§ **Required action**
Set each entry down verbatim, omitting images.

[Items listed in a dataset]

-- Opening Marker --

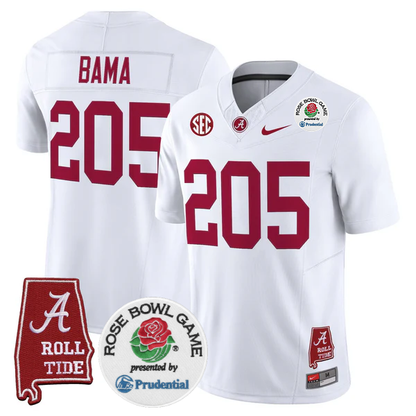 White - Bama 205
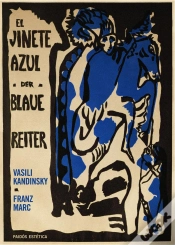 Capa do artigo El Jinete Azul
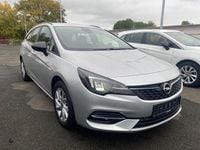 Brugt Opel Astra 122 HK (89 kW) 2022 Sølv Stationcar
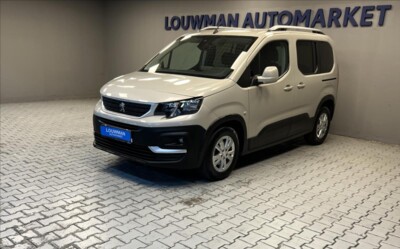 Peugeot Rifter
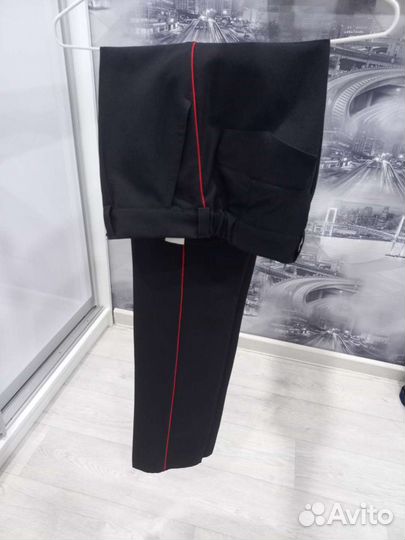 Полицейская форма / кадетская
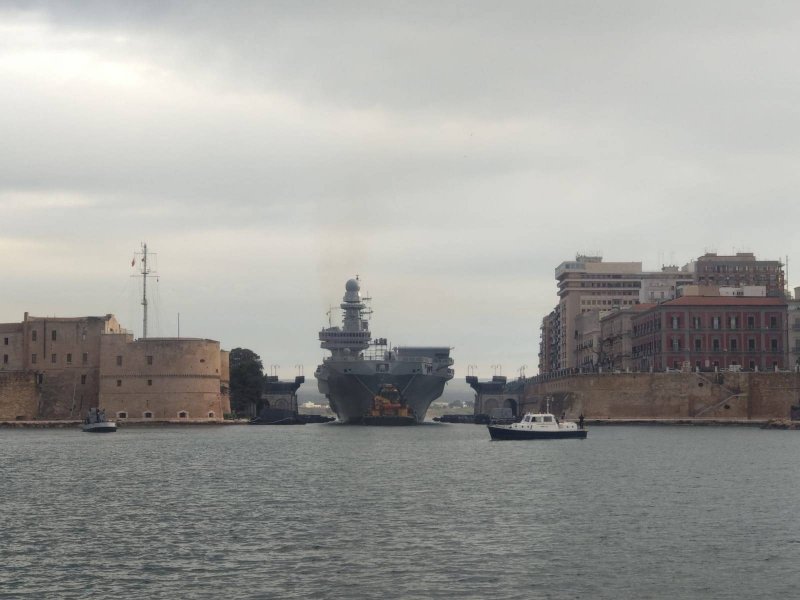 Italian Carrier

-- Closing Marker --

§ **Exercise output**
 White - Bama 205
 Capa do artigo El Jinete Azul
 Brugt Opel Astra 122 HK (89 kW) 2022 Sølv Stationcar
 Peugeot Rifter
 Полицейская форма / кадетская
 Italian Carrier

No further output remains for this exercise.